2 million on Souza. Tempted to go with Rockhold because of the odds though!


----------



## dudeabides (Sep 30, 2008)

Whoa:



> Round 1 - Our championship bout is underway. Rockhold works low kicks but doesn't commit. He avoids a body kick from the champ. Souza shoots, but Rockhold fends it off. But he's tagged on the way, and Souza chases after him before clinching against the cage. Souza works him down to the mat. Rockhold remains in a seated position, and the pace slows. Souza finally lands some solid punches as Rockhold tries to improve his position. The punches keep coming, but Rockhold finally gets back up. Souza, though, quickly trips him back down. Rockhold works his way back up, but Souza clings to him, delivers knees to the body and then one to the kisser. Rockhold finally breaks free and resets. Rockhold works low kicks but eats a right. Rockhold works body kicks and then avoids Souza's lunging punches. Rockhold snaps off another nice low kick. He then tries a switch kivk that is blocked but unloads a quick flurry and continues the assault until Souza gets a needed takedown. Rockhold is quickly back up, and the round ends there. Rockhold finished strong, but Souza takes it on the MMAjunkie.com scorecard, 10-9.
> 
> Round 2 - Rockhold tries a spinning back kick but misses wide.

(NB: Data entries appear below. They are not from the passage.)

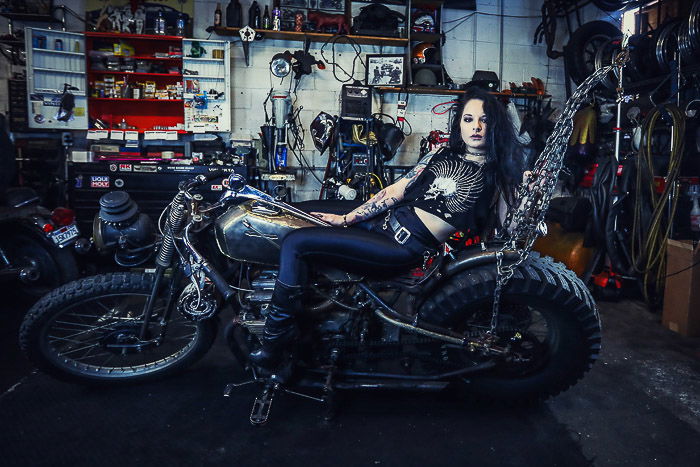 Female model posing on a motorbike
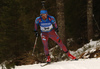 Fourth placed Alexey Slepov of Russia skiing during the Men sprint race of IBU Biathlon World Cup in Pokljuka, Slovenia. Men sprint race of IBU Biathlon World cup was held on Thursday, 17th of December 2015 in Pokljuka, Slovenia.
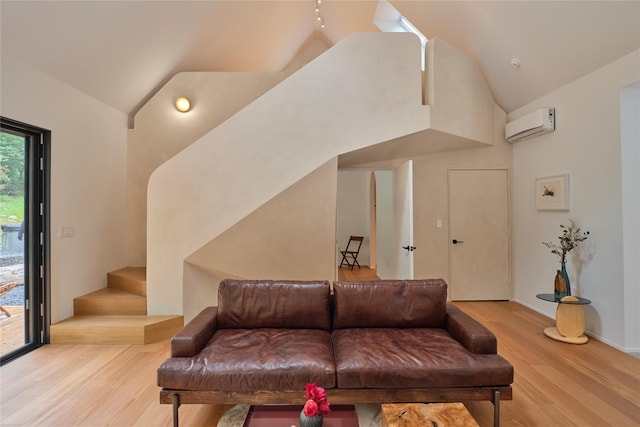 64 Hoyt Rd, Glen Spey, NY 12737 - living room with an AC wall unit, wood finished floors, high vaulted ceiling, and stairs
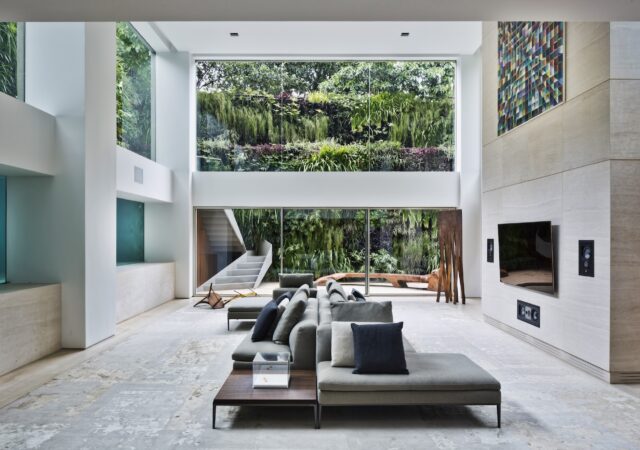 featured image for post: This Refined São Paulo Duplex Has a Swimming Pool in the Living Room Wall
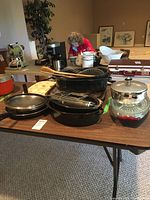 Kitchen cookware and utensils including frying pans, muffin tins, wooden spoons, glass container, and baking racks arranged on table.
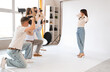 © Pixel-Shot - Photographers taking pictures of model during master class in studio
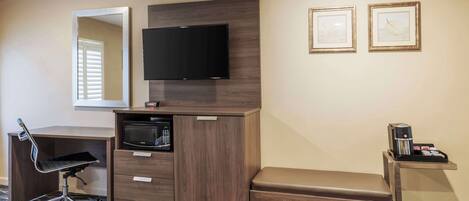 A hotel room with a desk, a microwave, a bench, a TV, and a coffee machine.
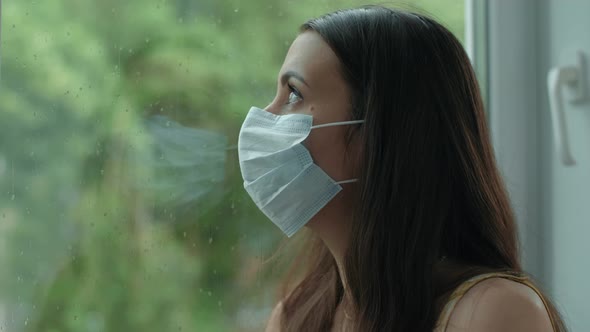 Woman in Face Mask Looks Through the Window alt
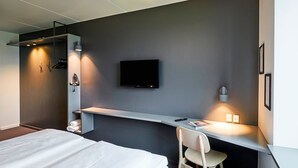Una habitación de hotel moderna con una cama, un escritorio con silla, un televisor de pantalla plana y un estante en la pared.
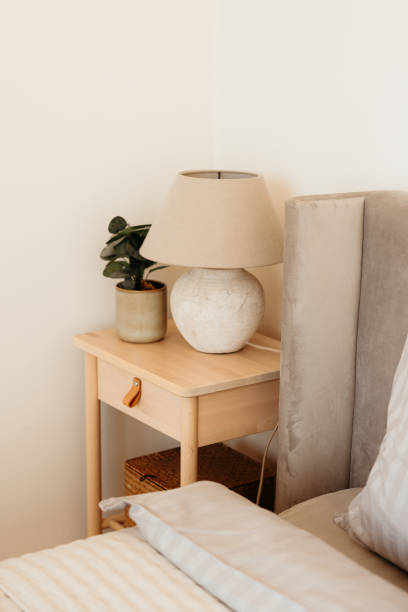 istock Bedside table with a lamp and a plant is standing near a comfortable bed 2173110310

Rockhold then chases after him with low and body kicks. Souza catches and stuns Rockhold with a straight right. Rockhold quickly recovers, but Souza swarms and delivers a barrage as they're clinched against the cage. He then pops him with a few elbow strikes. Souza checks a head kick and then another switch kick from Rockhold. Rockhold throws some straight punches and seems fully recovered now. Rockhold works some more low kicks and then pushes forward with a high kick. Souza checks it, clinches, and puts the challenger against the cage. Rockhold reverses and works knees to the thigh. Souza reverses and returns fire. They break and reset. They trade heavy blows, and Rockhold gets through a solid right. Souza checks a head kick, and Rockhold does the same. Souza partially lands an overhand right and whiffs on the next. Rockhold finishes the round with some nice lunging shots. It's closer, but Souza did the damage early to take the round, 10-9.
> 
> ...


http://mmajunkie.com/news/25171/strikeforce-barnett-vs-kharitonov-live-and-official-results.mma


----------



## OHKO (Jul 11, 2010)

Freaking damning shit lost almost all my credits yet AGAIN


----------